• [MATERIAL PROVIDED]:
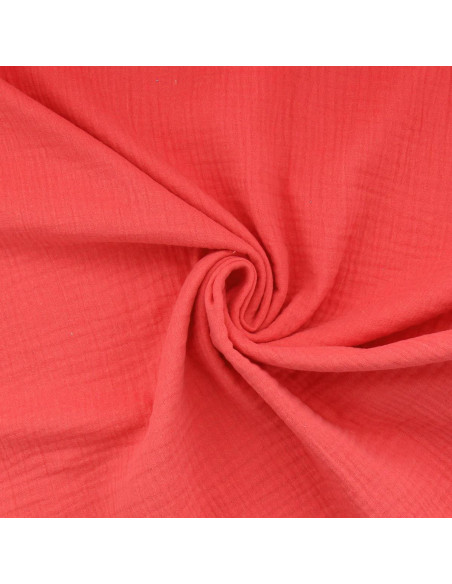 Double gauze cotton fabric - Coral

* * *

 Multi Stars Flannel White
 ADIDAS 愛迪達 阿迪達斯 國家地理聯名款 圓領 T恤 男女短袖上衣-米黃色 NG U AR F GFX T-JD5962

• [REQUIRED ACTION]: Of all the entries above, repeat only the lines from the line that has "Multi Stars Flannel White" to the line that has "ADIDAS 愛迪達 阿迪達斯", both lines included, exactly.

• [SOLVED PROBLEM]:
 Multi Stars Flannel White
 ADIDAS 愛迪達 阿迪達斯 國家地理聯名款 圓領 T恤 男女短袖上衣-米黃色 NG U AR F GFX T-JD5962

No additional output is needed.